Message boards and blogs are full of angry people calling for Marathon bomber Dzhokhar Tsarnaev to be tortured or killed. Or both. Immediately. After all, it’s pretty clear he’s guilty,
A Gilbert Stuart portrait
of John Adams, ca. 1821.
right? Why waste tax dollars on this guy with a long, expensive trial?

And anyway, who ever said a terrorist who murders Americans should get a fair trial?

Well, Founding Father John Adams, for one. Right here in Boston.

Adams was a rising lawyer in Massachusetts during the infancy of the American Revolution. On March 5, 1770, eight British soldiers opened fire when someone in a taunting mob threw a rock at them. When the shooting was over, five Americans were dead and others were wounded. Within weeks, a grand jury indicted the soldiers, along with their commander, Captain Thomas Preston. 

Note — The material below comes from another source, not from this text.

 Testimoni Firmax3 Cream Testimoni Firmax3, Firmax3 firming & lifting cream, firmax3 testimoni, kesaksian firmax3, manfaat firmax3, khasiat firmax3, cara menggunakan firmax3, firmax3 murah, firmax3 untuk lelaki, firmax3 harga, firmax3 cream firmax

It seemed all Boston was inflamed against the murdering foreign soldiers. The “Boston Massacre” became a rallying cry for those eager to revolt against England. Son of Liberty Paul Revere produced his famous engraving rewriting the event to show the soldiers firing systematically into a peaceful crowd. Few wanted to bother to try the prisoners, and in the end, officials delayed the trial for seven months in the hope that emotions would subside. They didn’t.

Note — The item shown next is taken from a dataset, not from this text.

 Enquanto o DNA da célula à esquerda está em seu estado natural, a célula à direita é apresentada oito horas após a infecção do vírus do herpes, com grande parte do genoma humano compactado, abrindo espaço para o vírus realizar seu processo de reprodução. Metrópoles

After a number of lawyers refused to defend Preston and the soldiers, 35-year-old John Adams took the case. Adams supported the Revolutionaries, but also fervently believed in the rule of law. (Ironically, the prosecutor was a Loyalist.) When prosecutors botched their argument—perhaps intentionally—Adams and his team refused to throw the game. Bearing down, they managed to get all but two of the soldiers acquitted. Those two were convicted not of murder, but of the lesser charge of manslaughter. Thus, Adams won his case . . . and won freedom for the men who had killed his countrymen.
A detail of from the Paul Revere of the Boston massacre.
 
But by insisting on a fair trial for his country’s enemies, Adams served his cause far better than if he had bowed to the popular desire to mete out mob justice. Adams and his team established that Massachusetts—and by extension, the new nation Massachusetts men wanted to create—would put no man, even a killer, beneath the law, and no man above it. Theirs would be a nation based not on popular sentiment, but on law. “Facts are stubborn things,” Adams said in defense of the soldiers, “and whatever may be our wishes, our inclinations, or the dictates or our passion, they cannot alter the state of facts and evidence.” He went on: “The law no passion can disturb. ‘Tis void of desire and fear, lust and anger. ‘Tis . . . written reason, retaining some measure of the divine perfection. It does not enjoin that which pleases a weak, frail man, but, without any regard to persons, commands that which is good and punishes evil in all, whether rich or poor, high or low.”

That principle turned the Revolutionaries into our founding generation, and that same generation made John Adams the nation’s second president.

6 comments:

Chris Beneke said...

Thanks for writing this Heather. Another Boston massacre, another occasion to affirm our commitment to justice and the rule of law.

Steven Cromack said...

Hear, hear!

Eric B. Schultz said...

A great reminder. And when is Adams going to get his statue, anyway?! It was all the rage after David McCullough's bio.

JMS said...

Kudos! I always 'teach" this case to my Western Civ. & U.S. history students by having them read Douglas Linder's great overview of the trials at his Famous Trials website. Linder concludes:

"John Adams, found the verdicts deeply satisfying. Looking back at the trials after an illustrious career that had taken him to the White House, Adams said:

The Part I took in Defence of Cptn. Preston and the Soldiers, procured me Anxiety, and Obloquy enough. It was, however, one of the most gallant, generous, manly and disinterested Actions of my whole Life, and one of the best Pieces of Service I ever rendered my Country. Judgment of Death against those Soldiers would have been as foul a Stain upon this Country as the Executions of the Quakers or Witches, anciently. As the Evidence was, the Verdict of the Jury was exactly right."

http://law2.umkc.edu/faculty/projects/ftrials/bostonmassacre/bostonaccount.html

Unknown said...

What a great reminder of the importance of all of us being equal under the eyes of the law.

David Schorr said...

Why were the soldiers acquitted for killing members of a mob?